With $k − 1$ treatment degrees of freedom, $n − k$ residual degrees of freedom. The mean squares are the sum of squares divided by the degrees of freedom.

$MST = \frac{SST}{k - 1}$

$MSE = \frac{SSE}{n - k}$

The F-statistic is defined as:

$f = \frac{MST}{MSE}$

To conduct the F-test to find the F-statistic, $SST$ and $SSE$ and the corresponding degrees of freedom need to be found. The approach taken here is to split the data by group and use lapply() and Reduce() to calculate $SST$ and $SSE$ . I'm sure there are a multitude of better and more efficient approaches.

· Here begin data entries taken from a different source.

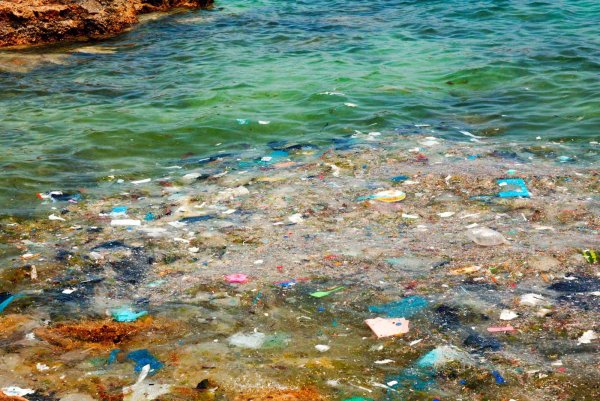 Средиземное море мусор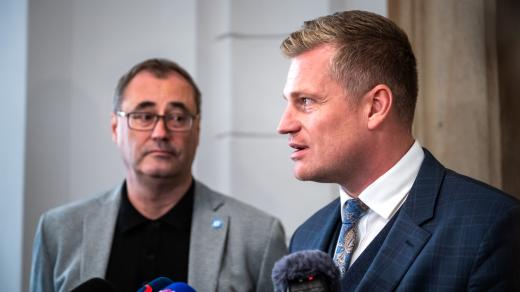 Poslanci Motoristů sobě Filip Turek (vpravo) a Boris Šťastný po programovém jednání mezi ANO, SPD a Motoristy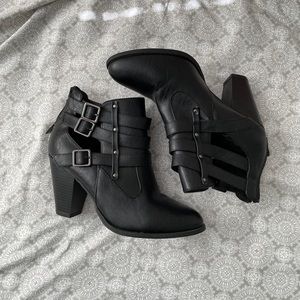 Heeled leather booties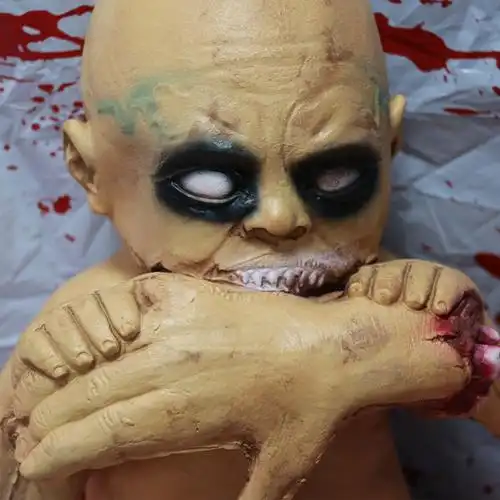 万圣节吓人婴儿恐怖娃娃鬼屋密室逃整人恶魔娃娃场地布置装饰道具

plants <- split(PlantGrowth, PlantGrowth$group) # Split the data by group into a list

# The lapply function is then used to calculate the SST and SSE equation above for each group. The Reduce function applies a binary function to the elements in each list and is then summed.

sst <- sum(Reduce('+', lapply(plants, function(x) {
  length(x[,1]) * (mean(x[,1]) - mean(PlantGrowth$weight))^2
})))
sst

## [1] 3.76634

sse <- sum(Reduce('+', lapply(plants, function(x) {
  (length(x[,1]) - 1) * sd(x[,1])^2
})))
sse

## [1] 10.49209

# degrees of freedom
group_dof <- length(unique(PlantGrowth$group)) - 1
group_dof

## [1] 2

residual_dof <- length(PlantGrowth$weight) - length(unique(PlantGrowth$group))
residual_dof

## [1] 27

# Mean Squares
mst <- sst / group_dof
mst

## [1] 1.88317

mse <- sse / residual_dof
mse

## [1] 0.3885959

# F-statistic
f.value <- mst / mse
f.value

## [1] 4.846088

# p-value
p.value <- 1-pf(q = f.value, df1 = group_dof, df2 = residual_dof)
p.value

## [1] 0.01590996

A similar table to the output of the anova() function is then made with the values computed above.

plant.aov

## Analysis of Variance Table
## 
## Response: weight
##           Df  Sum Sq Mean Sq F value  Pr(>F)  
## group      2  3.7663  1.8832  4.8461 0.01591 *
## Residuals 27 10.4921  0.3886                  
## ---
## Signif. codes:  0 '***' 0.001 '**' 0.01 '*' 0.05 '.' 0.1 ' ' 1

Source	Df	Sum Sq	Mean Sq	F value	Pr(>F)
group	2	3.7663	1.8832	4.8461	0.01591
residual	27	10.4921	0.3886

All the elements of the manually calculated ANOVA table match the output of the anova() function.

Conclusion

In this example, a hypothesis was tested with data from more than two treatments using One-way ANOVA. The reported ANOVA table from the anova() function was then replicated manually to verify the results. The test concluded there is a difference between the three treatments, however, nothing more than that is known. Which group is the most different from the others? How much do the two treatments defer from the control? Typically after performing a test involving more than two groups, post-hoc analysis is done to answer these questions.

References

Rencher, A. C. (2002). Methods of multivariate analysis. New York: J. Wiley.